- What is being asked
Copy the records below in full, changing no character.

======== Provided records

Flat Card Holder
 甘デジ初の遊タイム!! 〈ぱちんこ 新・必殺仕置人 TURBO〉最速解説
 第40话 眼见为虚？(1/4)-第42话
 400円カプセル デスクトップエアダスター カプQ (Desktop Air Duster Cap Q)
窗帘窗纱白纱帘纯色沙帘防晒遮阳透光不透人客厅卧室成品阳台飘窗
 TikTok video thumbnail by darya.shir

================

- Solution below
Flat Card Holder
 甘デジ初の遊タイム!! 〈ぱちんこ 新・必殺仕置人 TURBO〉最速解説
 第40话 眼见为虚？(1/4)-第42话
 400円カプセル デスクトップエアダスター カプQ (Desktop Air Duster Cap Q)
窗帘窗纱白纱帘纯色沙帘防晒遮阳透光不透人客厅卧室成品阳台飘窗
 TikTok video thumbnail by darya.shir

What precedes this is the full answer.